> Work to be completed: Copy out the listing in full, exactly as written, but not its pictures.

> Data extract:
--------------------------------------------------
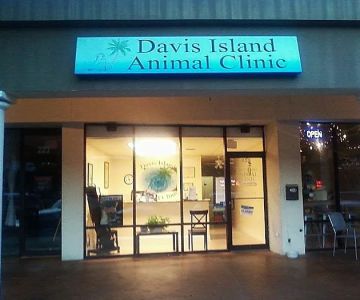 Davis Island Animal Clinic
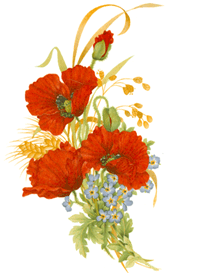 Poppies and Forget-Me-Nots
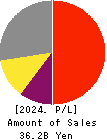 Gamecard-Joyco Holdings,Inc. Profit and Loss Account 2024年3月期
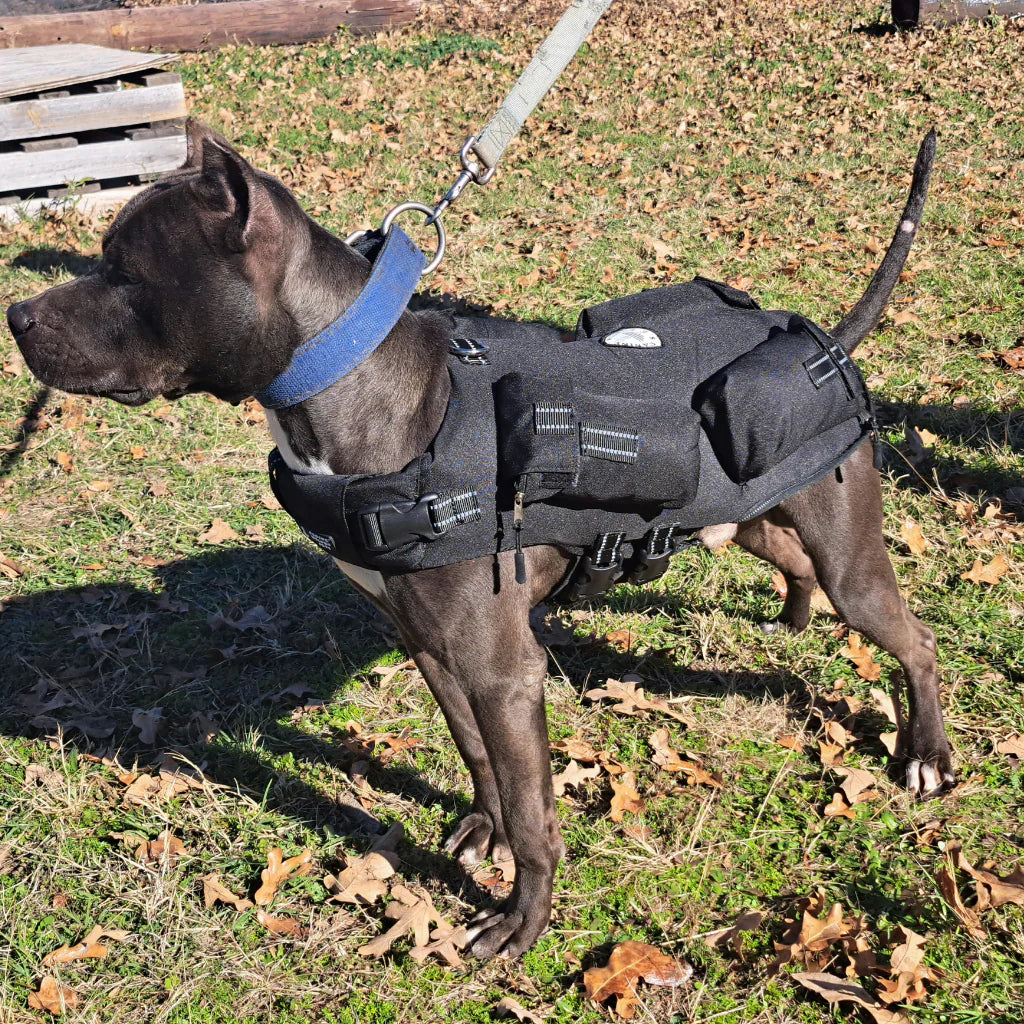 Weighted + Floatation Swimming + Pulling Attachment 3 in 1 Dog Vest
--------------------------------------------------
> Result for this task:
 Davis Island Animal Clinic
 Poppies and Forget-Me-Nots
 Gamecard-Joyco Holdings,Inc. Profit and Loss Account 2024年3月期
 Weighted + Floatation Swimming + Pulling Attachment 3 in 1 Dog Vest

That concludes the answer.